The May 6 summit included research displays; tours of labs and experiments; social events; and a chance to share information about the fusion industry timeline, technologies, supply chain opportunities, and workforce development.
The UW–Madison campus was where two member companies—Realta Fusion and Shine Technologies—got their start. A third fusion company, Type One Energy (formerly of Madison and now headquartered in Knoxville, Tenn.) was also spun out of the university.
Other members: In addition to Realta and Shine, the following are also organizing members of the Great Lakes Fusion Energy Alliance:
- Fusion Fuel Cycles, a joint venture between Kyoto Fusioneering and Canadian Nuclear Laboratories based in Ontario that is working on fusion fuel cycle technologies and plans to bring the world’s first commercially relevant tritium fuel cycle test facility on line in 2026.
- Paragon D&E, a Grand Rapids, Mich., manufacturer specializing in design and build capabilities for tooling.

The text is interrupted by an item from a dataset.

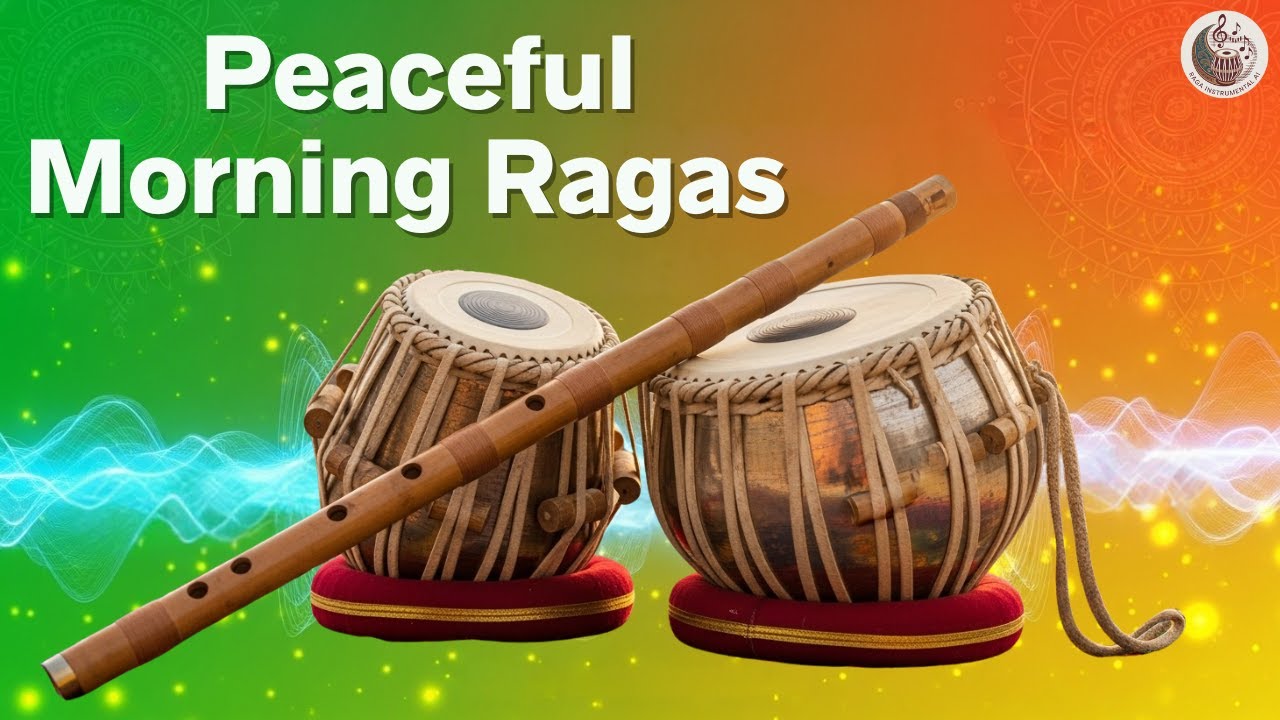 Peaceful Morning Ragas | Calm Indian Classical Music for Fresh Mind @RagaInstrumentalAI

- Strohwig Industries, a contract manufacturer providing engineering, machining, and assembly services located in Richfield, Wis.
- Tokamak Energy, a fusion company based in Oxford, England, that is developing fusion energy technology using a compact spherical tokamak design.
5 Lakes Institute: The Milwaukee, Wis.–based 5 Lakes Institute will coordinate the Great Lakes Fusion Energy Alliance.
The 5 Lakes Institute was founded in 2007 as a network to drive and amplify “diverse and inclusive tech-enabled GDP growth in the Midwest and Great Lakes region.” It counts among the region’s assets a robust electrical grid, a pipeline of skilled trades and engineering talent, decades of experience operating large-scale energy facilities, and supply chains, built to support the automotive, nuclear, and aerospace sectors.
“[This] powerful group of forward-leaning companies and university researchers will form an engineering core to drive the region’s fusion energy economy in coming years,” says John Byrnes, chair of the 5 Lakes Institute, which also issued a press release May 6.
CEOs speak: “The Great Lakes region led the development of the massive automobile manufacturing industry in the 20th century,” says Kieran Furlong, CEO of Realta Fusion. “We can use that deep manufacturing heritage to lead the massive manufacturing industry of the 21st century: fusion energy power plants.”
“This alliance is exactly the kind of cross-sector effort that helps bridge lab innovation to grid-scale reality,” said Ian Castillo, co-CEO of FFC. “Early collaboration like this will underpin the partnerships needed to build the durable supply chains and knowledge networks fusion will rely on as it moves toward deployment.”